In general, data partitioning components can be divided into two sub-categories - partitioners and gatherers.
Parallel partitioners distribute data records from a single worker among various Cluster workers. Parallel partitioners are used to change a single-worker allocation to multiple-worker allocation.
Parallel gatherers collect data records from various Cluster workers to a single worker. Parallel gatherers are actually used to change a multiple-worker allocation to single-worker allocation.
Out of both basic parallel component groups stands the ParallelRepartition component.

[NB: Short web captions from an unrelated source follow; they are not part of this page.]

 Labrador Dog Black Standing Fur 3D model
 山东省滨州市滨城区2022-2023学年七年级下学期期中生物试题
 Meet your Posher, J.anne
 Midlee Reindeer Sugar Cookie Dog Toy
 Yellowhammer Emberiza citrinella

ParallelRepartition changes partitioning of already partitioned data, data is re-partitioned. For example, if you have data already partitioned according to a key by the ParallelPartition component, and you would like to change the key or number of partitions, this component can do it in one step, without necessity to gather all partitioned data to a single worker (avoiding bottleneck) by a parallel gather and partition the data again according new rules by a parallel partitioner.